Mam na myśli wartości nieprzemijające, których żaden brak
zdrowia i śmierć nie zniszczy. Mówi o tym wyraźnie Pan Jezus w Ewangelii,
odpowiadając na pytanie, jakie jest najważniejsze przykazanie?:
"Gdy faryzeusze dowiedzieli się, że zamknął usta
saduceuszom, zebrali się razem, a jeden z nich, uczony w Prawie, zapytał Go,
wystawiając Go na próbę: "Nauczycielu, które przykazanie w Prawie jest
największe?" On mu odpowiedział: "Będziesz miłował Pana Boga swego
całym swoim sercem, całą swoją duszą i całym swoim umysłem. To jest największe
i pierwsze przykazanie. Drugie podobne jest do niego: Będziesz miłował swego
bliźniego jak siebie samego. Na tych dwóch przykazaniach opiera się całe Prawo
i Prorocy".[Mt 22;34-40]
W tym
trudnym dla nas wszystkich okresie pandemii staramy się interesować innymi,
nawzajem sobie pomagać. Dzielimy się troską i dobrym słowem. Spontanicznie
rozwinął się wolantariat. Mając na uwadze to dobre słowo, od pani Ireny
dostałem link z przejmującym kazaniem ojca Dominika Chmielewskiego, jakie
wygłosił w małym sanktuarium w Świętej Wodzie. Nie jestem zbyt cierpliwy, aby
słuchać tak długich kazań, ale czas ku temu jest najbardziej sposobny i
wysłuchałem w niedzielę. Polecam wszystkim. Tym, którzy stracili wiarę i
niewierzącym również, a może nawet szczególnie.
Ksiądz
właśnie mówi o zdrowiu i wartościach najważniejszych, ponadczasowych. To są
wartości, nad którymi zastanawiałem się w kontekście klasycznych życzeń, ze
zdrowiem w tle. Jednak nie zdrowie jest najważniejsze, choć jest ważne.

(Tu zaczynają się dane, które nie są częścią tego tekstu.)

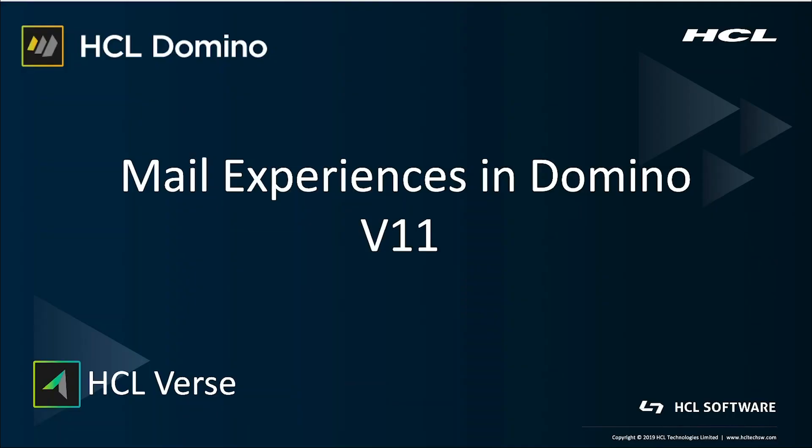Version 11 contains an array of user experience improvements for mail across your desktop browser and mobile device. This session will show you the streamlined mail experiences to get more done and save time when using Notes Verse on-premises and Verse mobile web.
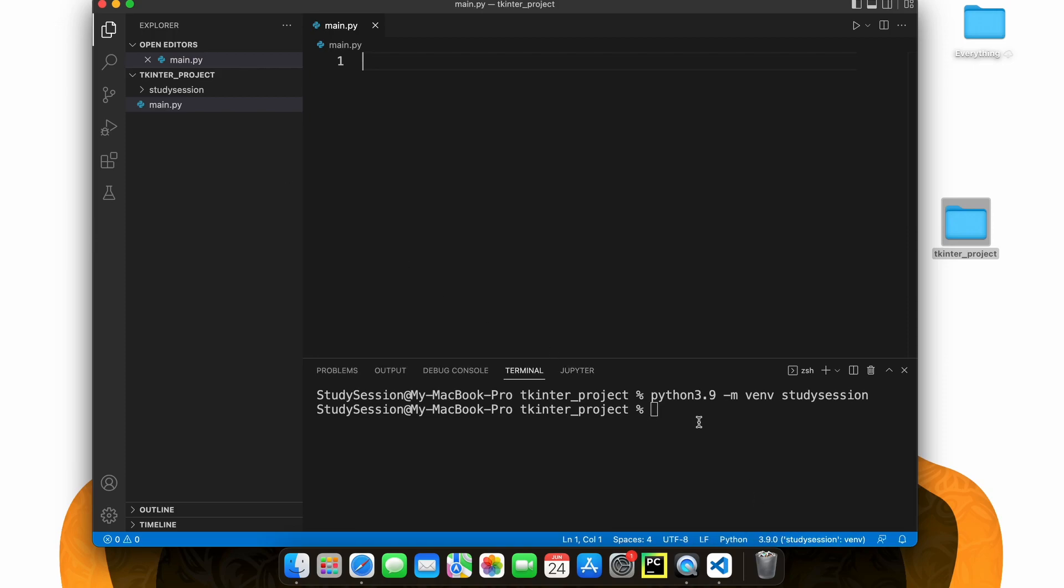Now, if you go back to our file explorer on Visual Studio Code, you can see our virtual environment is now here.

„Pan jest moim pasterzem, nie brak mi niczego. Pozwala mi
leżeć na zielonych pastwiskach. Prowadzi mnie nad wody, gdzie mogę
odpocząć: orzeźwia moją duszę. Wiedzie
mnie po właściwych ścieżkach przez wzgląd na swoje imię. Chociażbym
chodził ciemną doliną, zła się nie ulęknę, bo Ty jesteś ze mną. Twój kij i
Twoja laska są tym, co mnie pociesza. Stół dla mnie
zastawiasz wobec mych przeciwników; namaszczasz mi głowę olejkiem; mój kielich
jest przeobfity. Tak, dobroć i łaska pójdą w ślad za mną przez wszystkie
dni mego życia i zamieszkam w domu Pańskim po najdłuższe czasy.” Ps 23,1-6
Co pan za głupoty piszesz. Wybory są najważniejsze. Prawda? Piszesz pan jak panu wygodnie. Najpierw pan chce i ma pan gdzieś ryzyko spotkania się z kostuchą, a teraz zdrowie jest najważniejsze. Więc ja mówię 3xNIE Wybory są najważniejsze
OdpowiedzUsuńCo jest panie Bolek już pan nie chcesz iść na wybory? Wykasowałeś pan artykuł o tym że pan chcesz i nic się nie liczy. To idź pan do komisji będziesz na wyborach cały dzień. Wybory pod nazwą "Oszukać przeznaczenie 5i3/4"
UsuńNie rozumiem, o co chodzi z tym wykasowaniem artykułu. Może coś konkretniej, abym mógł się ustosunkować?